Things to change were:

- grain of the canvas (from larger grain to smaller, smoother grain).

- thickness of paint (from fluid paint to thicker more heavy body paint with a longer open/drying time)

- type of brush (from smooth watercolour type brushes to thicker more bristly brushes)

- use of a medium (from only water to a liquefying medium that improves the flow of the paint).

This all seemed like a super idea, and once I'd forked out an eye-watering amount for all these new items, I set to work. It would be great! I'd use all these things together and bang! A work of art would emerge, and I would never have to worry about my process again.


Life doesn't work like that, does it?

I tried all these new things, the new canvas, the new paint, the new brush, the new medium, all at once, and then immediately realised my mistake. None of it was working how I was used to. Everything was new, nothing felt intuitive, and each of these new variables was producing a different effect I couldn't control for.

My immediate reaction was just to abandon all the new things and return to struggling on with the old way. The familiar way. But, practically speaking, that wasn't an option. I had 14 new canvases with this new grain, which needed using. I had to find a way to make it work.

So, going back to being scientific about it all, I decided I needed to change ONE variable at a time. Just the canvas first and see how that worked. Then I could slowly introduce the other variables and see if they made the process any easier.
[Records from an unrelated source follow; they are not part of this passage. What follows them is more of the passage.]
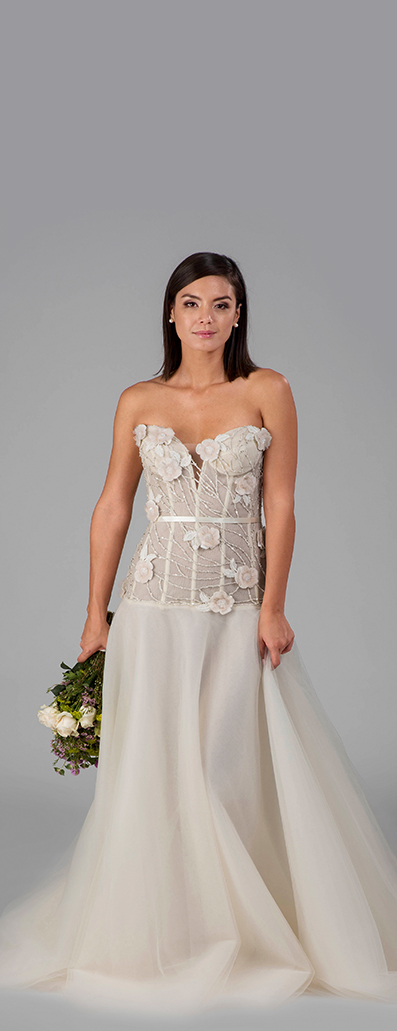 Lana Mollov's Ivone bridal design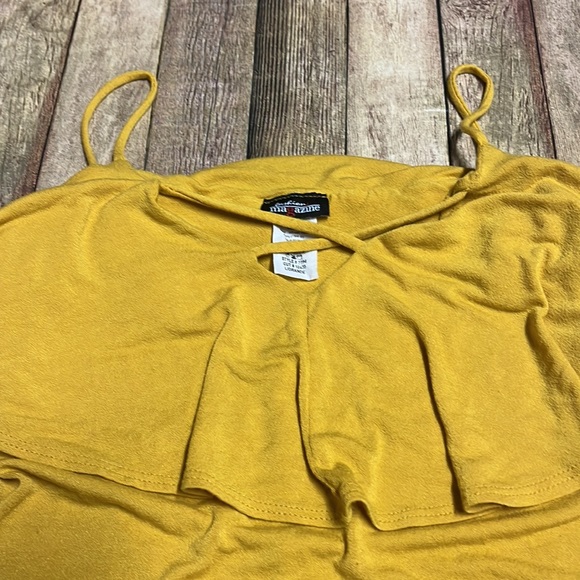 5for$10 Magazine - Yellow tank top, short sleeve with ruffle top Large Preowned - Picture 2 of 5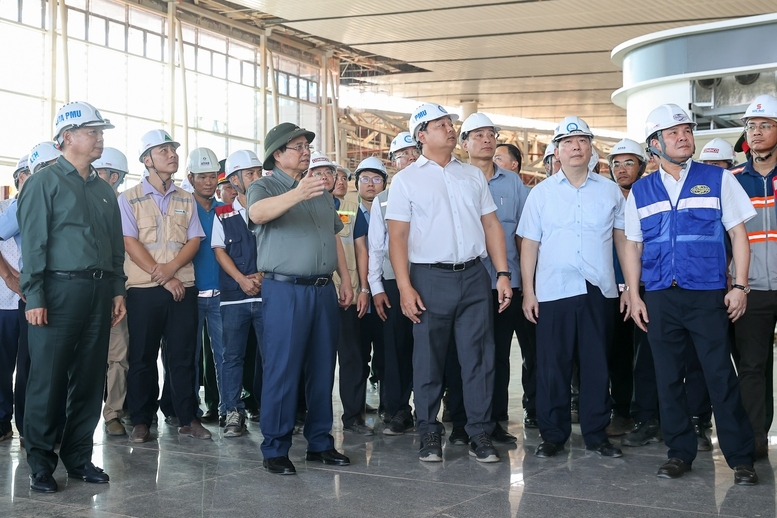 Thủ tướng Chính phủ Phạm Minh Chính đôn đốc thúc đẩy tiến độ xây dựng Cảng hàng không quốc tế Long Thành, tỉnh Đồng Nai 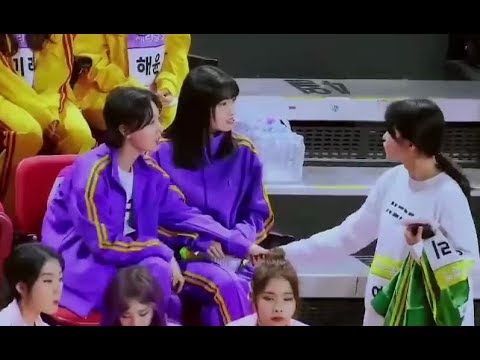 RedVelvet Yeri asked TWICE Nayeon and Momo to sit beside her so sweet @ISAC2019 190109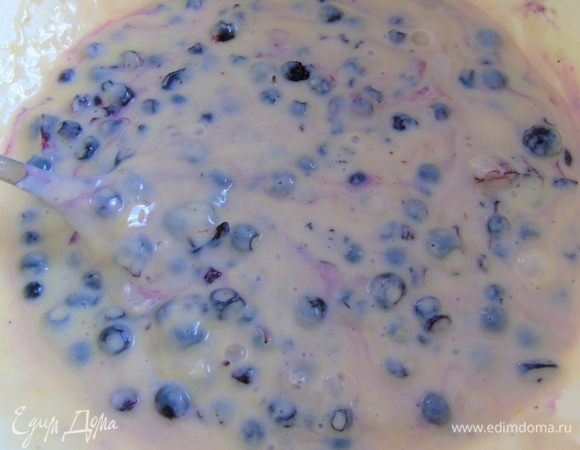 Высыпьте в крем чернику и аккуратно перемешайте.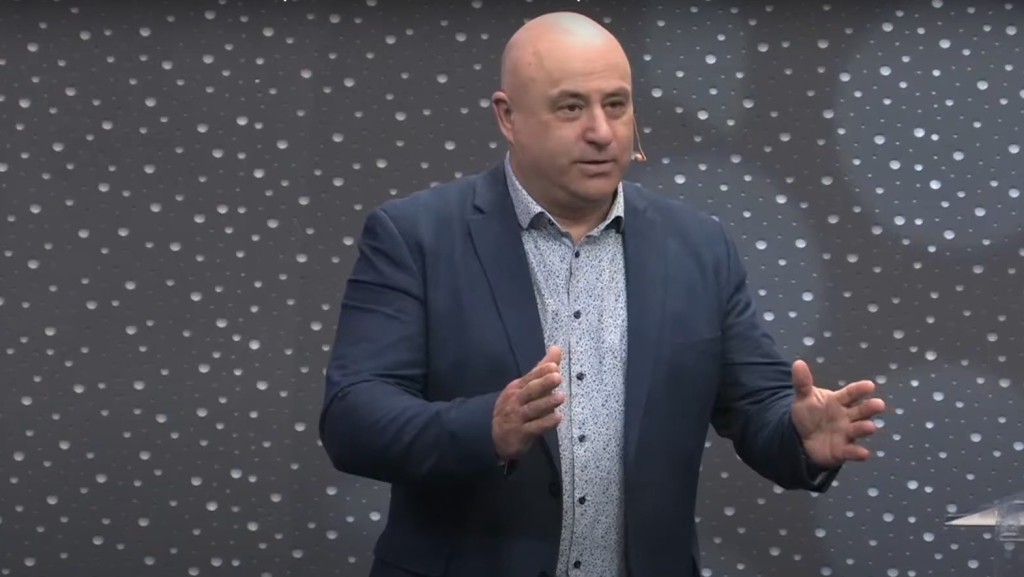 Onde estão os seus vasos vazios? - António Ferreira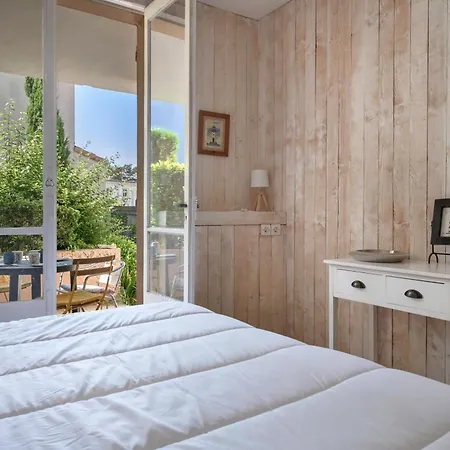 Rez De Jardin A 400m De La Pour 4 Apartment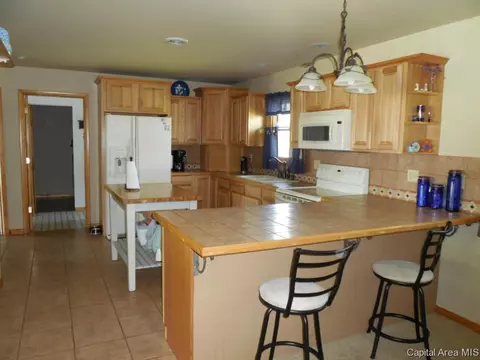 191 Wing, Avon, IL 61415 photo 3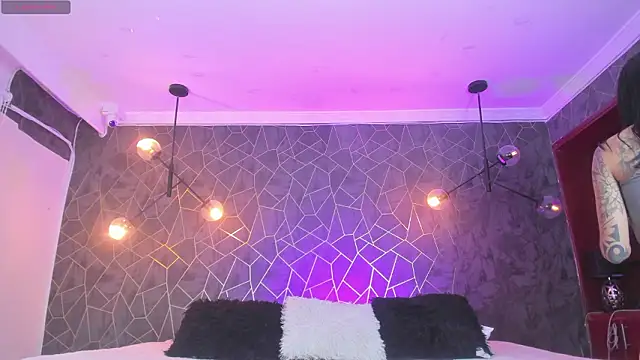 Snapshot of leigh-angels chatting on February 23, 9:34 pm leigh-angels online show from February 23, 9:34 pm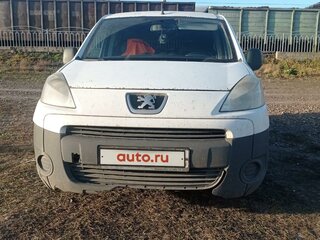 2010 Peugeot Partner II, белый, 500000 рублей, вид 2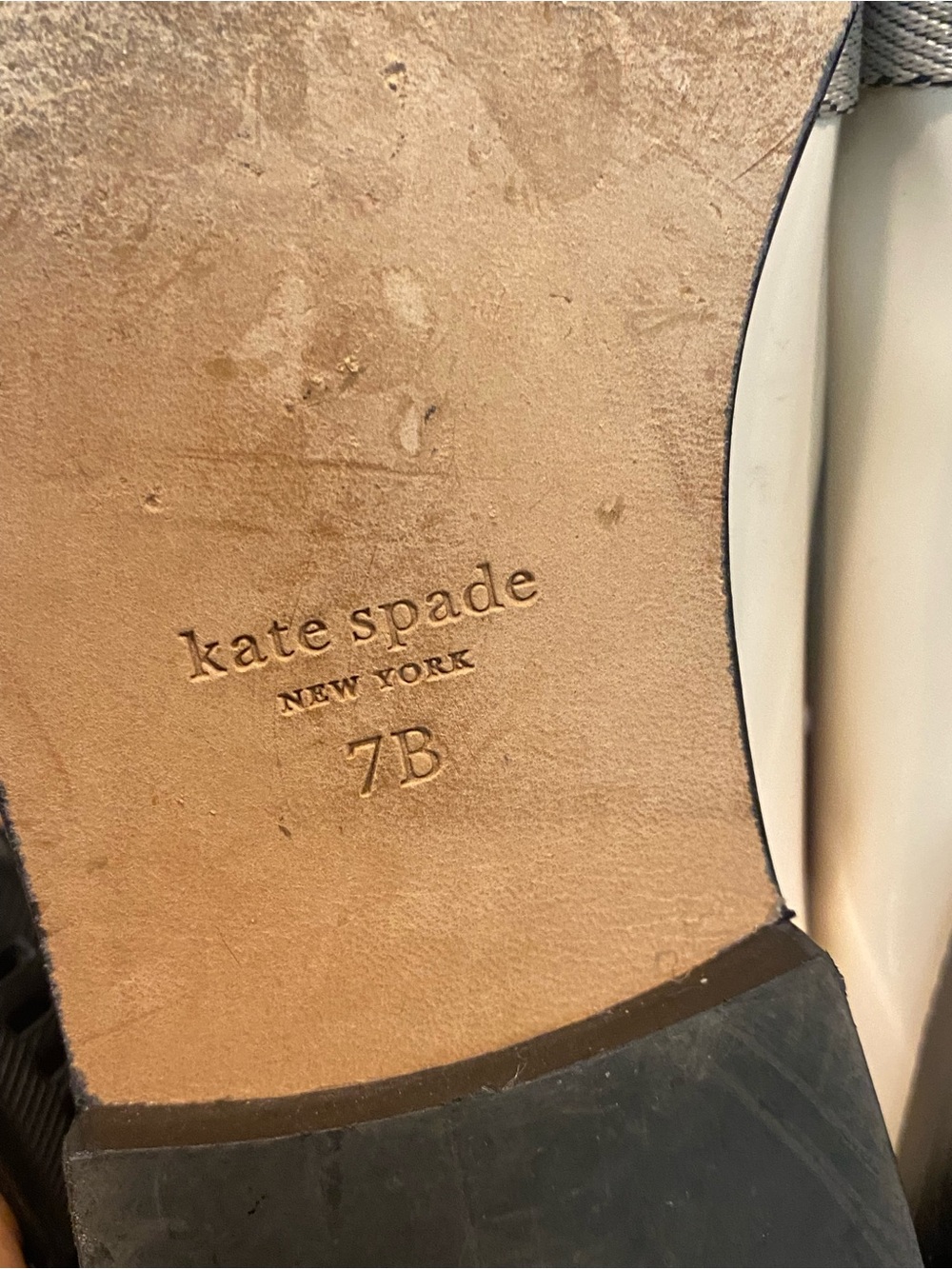 KATE SPADE LEANDRA PATENT LEATHER LOAFER CREAM BLACK BOW PLAID
HEEL SZ 7 - Picture 14 of 16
Well, that's the plan at least - I'll let you know if it starts to take shape or not. So far there's nothing been produced that's worth even a snippet of a photo on Instagram (oh, the pressure). But, nothing of worth was ever achieved by it being easy. There's meant to be sweat, tears and frustration. I just need to make sure that I keep the hope and optimism that eventually there'll be a breakthrough.

Boxes of canvases
Talk about pressure. 14 fine art canvases waiting for a masterpiece.